We were woken before 5am this morning by the morning prayer blaring over the loudspeakers from a local mosque. We cannot win! if it is not the disco keeping us awake the whole night it’s the early morning prayers. We noticed that the amount of woman with headdress has increased dramatically and when speaking to locals they say that in certain areas, 90 % are Muslim. We noticed more and more mosques too as we drove further north.
At 5 am we were up and on our way again stopping to make some coffee at 8am. The advantage of this early morning drive is that you have no trucks for the first 3 hours , or at least very few, but then it’s back to the routine of many trucks and 1 car.
The relief changed from mountain side and almost jungle to a flat plateau and savanna in a matter of kilometers. There were massive plantations of sisal and we passed areas where they were harvesting, areas where they were drying it and saw the trucks transporting it for further processing to make rope and dartboards etc. The further North, the more the Baobab trees become a regular occurrence. ( I don’t think there is a link between this and the mosque topic…). They are massive and majestic. The “upside down” tree.

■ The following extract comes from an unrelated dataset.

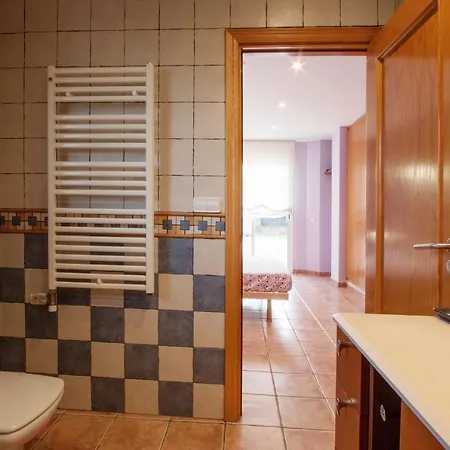 Con Piscina Privada Holiday home Calonge (Catalonia)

Many of our photos are taken while moving through the villages and towns with some people smiling and not having a care about it and others shouting “camera!. As we drive through Moshi, Kilimanjaro is on our right…according to the map. We can’t unfortunately see it due to the low cloud base. Here in Moshi as I type we have stopped for a lunch and a break before our last push through to Lake Manyara where we will be staying tonight. It is really slow going and rarely do we get over 60km/h.
But back to yesterday for a second. We had a slight problem. Money and fuel. Stefan had changed 100US$ to Tanzanian Shilling at the border and we thought that we could get away with using US$ and credit cards for fuel and accommodation. 2 months back the US$ would have been fine but the president, only a month ago, shut down all money changers within a week and now paying in US$ is not so easy because they cannot get the money converted back to Shilling again. We tried petrol station after petrol station and with the reserve tank used and ¼ tank left and not much cash we were heading towards a problem. When in doubt stop, eat and “Ongee Sambili”, have a sleep and the answer will be easier in the morning. 30 km away from where we overnight was a slightly larger town that had an ATM and we drew cash for fuel, topped up and had some change for passion fruit or brinjal’s along the way if we wanted.
Yesterday we were stopped again though by our friends in white. The police wear white. He pulled me over and took out his mobile phone and showed a photo of my car, the speed it was travelling and in the back ground was a 50km sign board. I had been doing 79. I argued as we are being very diligent at keeping to the speed limit as we did not want issues and we’re not exactly in a hurry. What they had done is take a photo 30 minutes earlier, and whats app it to another traffic officer further down the road. They also take the photo as you are leaving the town and are accelerating up to 100km/h, the speed limit, and they have the 50 sign in the picture for the cars that are entering the town. After some stern discussion and informing him that we had come from the Mission and had donated equipment he got a Siemens pen and we were big mates.